THE SECURITY EVIDENCED HEREBY HAS NOT BEEN REGISTERED UNDER THE SECURITIES ACT
OF 1933, AS AMENDED (THE "SECURITIES ACT"), OR ANY STATE OR OTHER SECURITIES
LAWS. NEITHER THIS SECURITY NOR ANY INTEREST OR PARTICIPATION HEREIN MAY BE
REOFFERED, SOLD, ASSIGNED, TRANSFERRED, PLEDGED, ENCUMBERED OR OTHERWISE
DISPOSED OF IN THE ABSENCE OF SUCH REGISTRATION OR UNLESS THE TRANSACTION IS
EXEMPT FROM, OR NOT SUBJECT TO, THE REGISTRATION REQUIREMENTS OF THE SECURITIES
ACT. THE HOLDER OF THIS SECURITY BY ITS ACCEPTANCE HEREOF (1) REPRESENTS THAT
(A) IT IS A "QUALIFIED INSTITUTIONAL BUYER" (AS DEFINED IN RULE 144A UNDER THE
SECURITIES ACT), (B) IT IS AN INSTITUTIONAL "ACCREDITED INVESTOR" WITHIN THE
MEANING OF SUBPARAGRAPH (a)(1), (2), (3) OR (7) OF RULE 501 UNDER THE SECURITIES
ACT OR (C) IT IS NOT A U.S. PERSON AND IS ACQUIRING THIS SECURITY IN AN
"OFFSHORE TRANSACTION" PURSUANT TO RULE 903 OR 904 OF REGULATION S, (2) AGREES
THAT IT WILL NOT PRIOR TO (X) THE DATE WHICH IS TWO YEARS (OR SUCH SHORTER
PERIOD OF TIME AS PERMITTED BY RULE 144(k) UNDER THE SECURITIES ACT OR ANY
SUCCESSOR PROVISION THEREUNDER) AFTER THE LATER OF THE ORIGINAL ISSUE DATE
HEREOF (OR OF ANY PREDECESSOR OF THIS SECURITY) OR THE LAST DAY ON WHICH LIBERTY
OR ANY AFFILIATE OF LIBERTY WAS THE OWNER OF THIS SECURITY (OR ANY PREDECESSOR
OF THIS SECURITY) AND (Y) SUCH LATER DATE, IF ANY, AS MAY BE REQUIRED BY
APPLICABLE LAWS (THE "RESALE RESTRICTION TERMINATION DATE"), OFFER, SELL OR
OTHERWISE TRANSFER THIS SECURITY EXCEPT (A) TO LIBERTY OR ANY SUBSIDIARY
THEREOF, (B) PURSUANT TO A REGISTRATION STATEMENT WHICH HAS BEEN DECLARED
EFFECTIVE UNDER THE SECURITIES ACT, (C) FOR SO LONG AS THE SECURITIES ARE
ELIGIBLE FOR RESALE PURSUANT TO RULE 144A, TO A PERSON IT REASONABLY BELIEVES IS
A "QUALIFIED INSTITUTIONAL BUYER" AS DEFINED IN RULE 144A UNDER THE SECURITIES
ACT THAT PURCHASES FOR ITS OWN ACCOUNT OR FOR THE ACCOUNT OF A QUALIFIED
INSTITUTIONAL BUYER TO WHOM NOTICE IS GIVEN THAT THE TRANSFER IS BEING MADE IN
RELIANCE ON RULE 144A, (D) INSIDE THE UNITED STATES TO AN INSTITUTIONAL
"ACCREDITED INVESTOR" WITHIN THE MEANING OF SUBPARAGRAPH (a)(1), (2), (3) OR (7)

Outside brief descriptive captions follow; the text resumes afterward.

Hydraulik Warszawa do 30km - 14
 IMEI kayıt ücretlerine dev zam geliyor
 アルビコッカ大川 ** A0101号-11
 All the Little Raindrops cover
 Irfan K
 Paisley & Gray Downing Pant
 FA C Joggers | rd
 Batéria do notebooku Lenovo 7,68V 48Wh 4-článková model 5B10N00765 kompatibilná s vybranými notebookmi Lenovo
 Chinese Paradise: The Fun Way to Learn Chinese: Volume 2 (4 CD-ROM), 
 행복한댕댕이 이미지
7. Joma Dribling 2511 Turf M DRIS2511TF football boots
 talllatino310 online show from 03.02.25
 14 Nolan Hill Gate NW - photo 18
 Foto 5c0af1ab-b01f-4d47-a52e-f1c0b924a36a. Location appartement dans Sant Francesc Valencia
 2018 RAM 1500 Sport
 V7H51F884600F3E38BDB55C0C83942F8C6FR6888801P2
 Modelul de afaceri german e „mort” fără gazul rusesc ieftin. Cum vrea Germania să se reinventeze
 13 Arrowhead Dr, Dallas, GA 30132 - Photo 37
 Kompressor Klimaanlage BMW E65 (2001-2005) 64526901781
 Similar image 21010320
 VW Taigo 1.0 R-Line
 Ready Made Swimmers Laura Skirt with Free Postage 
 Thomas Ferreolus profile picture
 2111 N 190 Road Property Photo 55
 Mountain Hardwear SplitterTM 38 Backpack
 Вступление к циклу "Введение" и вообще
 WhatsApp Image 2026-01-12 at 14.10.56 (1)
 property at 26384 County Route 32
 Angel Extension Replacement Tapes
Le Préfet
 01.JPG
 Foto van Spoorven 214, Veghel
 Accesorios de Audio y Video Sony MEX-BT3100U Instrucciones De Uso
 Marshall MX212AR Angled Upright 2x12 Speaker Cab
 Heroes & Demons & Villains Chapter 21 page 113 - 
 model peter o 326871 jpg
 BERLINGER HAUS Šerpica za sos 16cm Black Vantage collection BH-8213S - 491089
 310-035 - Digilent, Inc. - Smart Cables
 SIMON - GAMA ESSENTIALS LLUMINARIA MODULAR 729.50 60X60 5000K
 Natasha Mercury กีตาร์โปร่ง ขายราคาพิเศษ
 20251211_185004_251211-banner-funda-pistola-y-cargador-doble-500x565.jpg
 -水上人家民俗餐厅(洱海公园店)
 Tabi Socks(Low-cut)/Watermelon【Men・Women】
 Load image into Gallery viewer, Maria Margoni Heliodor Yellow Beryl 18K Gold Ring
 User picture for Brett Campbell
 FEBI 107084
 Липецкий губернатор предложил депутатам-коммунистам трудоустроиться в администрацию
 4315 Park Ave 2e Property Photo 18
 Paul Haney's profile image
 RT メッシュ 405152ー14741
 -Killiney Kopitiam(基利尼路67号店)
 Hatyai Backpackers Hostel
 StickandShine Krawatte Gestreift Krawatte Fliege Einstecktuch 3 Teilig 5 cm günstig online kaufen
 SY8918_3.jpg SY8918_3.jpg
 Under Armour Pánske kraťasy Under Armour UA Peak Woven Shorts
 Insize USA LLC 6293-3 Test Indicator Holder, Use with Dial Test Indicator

OF RULE 501 UNDER THE SECURITIES ACT THAT PRIOR TO SUCH TRANSFER, FURNISHES (OR
HAS FURNISHED ON ITS BEHALF BY A U.S. BROKER-DEALER) TO THE TRUSTEE OR TRANSFER
AGENT, A SIGNED LETTER CONTAINING CERTAIN REPRESENTATIONS AND AGREEMENTS
RELATING TO THE RESTRICTIONS ON TRANSFER OF THIS SECURITY (THE FORM OF WHICH
LETTER CAN BE OBTAINED FROM THE TRUSTEE OR TRANSFER AGENT FOR THIS SECURITY),
(E) PURSUANT TO OFFERS AND SALES TO NON-U.S. PERSONS THAT OCCUR OUTSIDE THE
UNITED STATES WITHIN THE MEANING OF REGULATION S UNDER THE SECURITIES ACT,
PURSUANT TO RULE 904 OF REGULATION S OR (F) PURSUANT TO ANOTHER AVAILABLE
EXEMPTION FROM THE REGISTRATION REQUIREMENTS OF THE SECURITIES ACT, AND (3)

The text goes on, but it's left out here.